Having so many years experience in meditation, in 2002 I produced a book on this subject entitled "Meditation for Everyday Living" which included a CD of my voice giving guided meditations. You will find references to this book throughout this website. For over ten years I have taught meditation both in the UK and in Canada. Anyone attending my Meditation courses can expect to be taught in a structured, organised, yet flexible, manner, in which I am able to gauge the needs of any particular class and teach appropriately. My method of teaching meditation is a blend of many techniques and according to traditional, safe, tried and tested methods.
My experience of meditation is that it is what you make of it. It is very much a case of 'when the pupil is ready' as it were, then results will come. But a good teacher can certainly act as a signpost and point the way. All you have to do is follow the route. I have the necessary tools to show you how to get those results if you are prepared to make it a daily discipline. Indeed, it is more than a discipline, it is a way of life, and the more you meditate, the more you will find that you will want to meditate. You will find that meditation will enhance every aspect of your life in a vast variety of ways.
What is Meditation?
I find that I am still learning and experiencing ever deeper layers of the meaning of meditation, as it unfolds, lotus like, revealing more of its true essence. Meditation for me therefore is not so much a practice that I do, but is more in the nature of attempting to achieve a state of being or rather a process of becoming.

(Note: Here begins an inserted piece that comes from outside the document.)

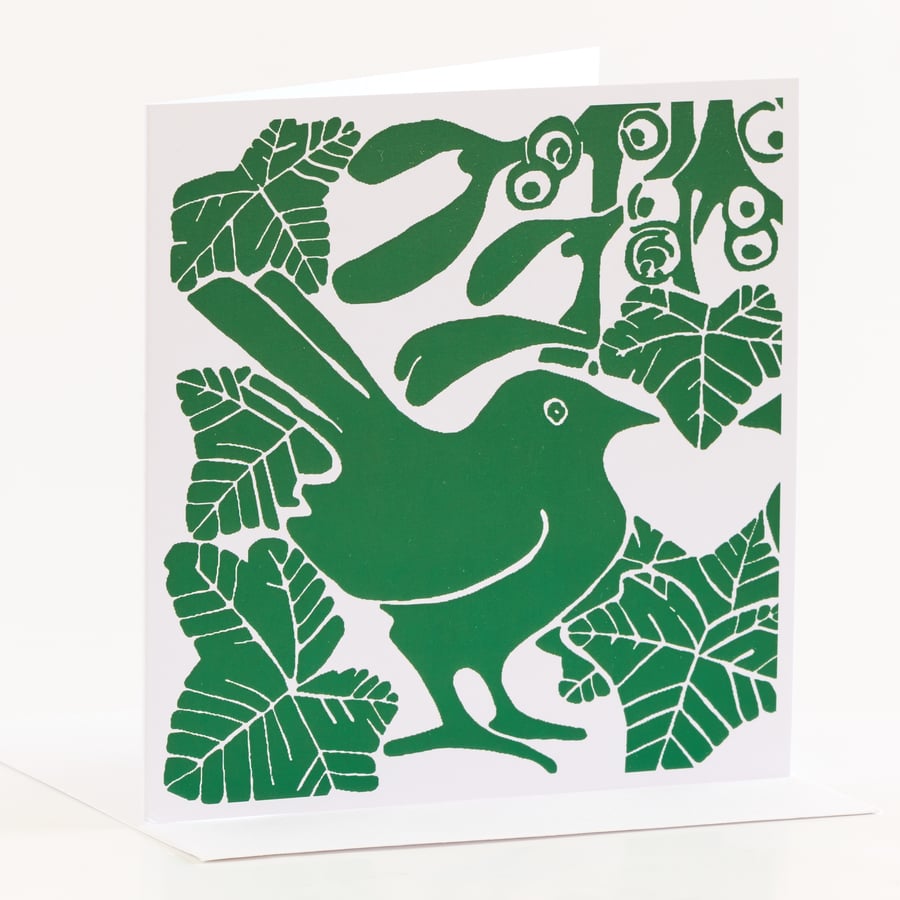 Green Mistletoe & Ivy Cards - Pk of 5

It has occurred to me that I could write another meditation book but it would only have one page within its covers. That page would merely read “Enter the Silence.” The book would need no other adornment or photographs or text; just that one page of three simple words. No one would buy the book of course, and no publisher would dare print it, yet in those three words would be conveyed the whole meaning of meditation beyond every technique that you have ever learned. Fix the mind on those words carefully and you will have all understanding of the process of meditation, especially when the words themselves lose their meaning and thoughts have ceased.
But first then, how do we get to such a sublime state? Before even entering into a discourse on meditation it is vital that you understand first one fundamental that is often overlooked; there is no meditation per se, without concentration first. Concentration leads to meditation. When the mind is fixed on one point this naturally produces a meditative state. One becomes somewhat entranced, yet with a relaxed focus that enables you to channel mental energy and hold it on one spot.
The mind is by nature, inquisitive, so it really is natural for the thoughts to go from one place to another. Think of the mind as being composed of mental energy or mind-stuff (known as ‘chitta’ in the East) which is rather liquid in form and therefore very malleable and able to form itself into anything that it gives its attention to. If water is poured into any vessel it will immediately take the shape of that vessel into which it is poured. Mental matter (for want of an adequate way to describe the nebulous) will mould itself into whatever it enters into. But the obstacle to meditation is that very tendency of the mind to wander onto pastures new, to be poured into another vessel.
The first prerequisite therefore, to even coming close to true meditation is to learn to train the mind in concentration techniques which direct the mind into a steady, relaxed focus in which the thoughts do not waver or flit from one thing to the next. Most people cannot concentrate for more than a few minutes and it has been demonstrated that people lose concentration after about half an hour or so of reading a book for example. Few films these days are as long as three hours because audiences cannot sit through a three-hour movie. There is clearly something amiss with the ability to concentrate in this modern world that is filled with myriads of distractions.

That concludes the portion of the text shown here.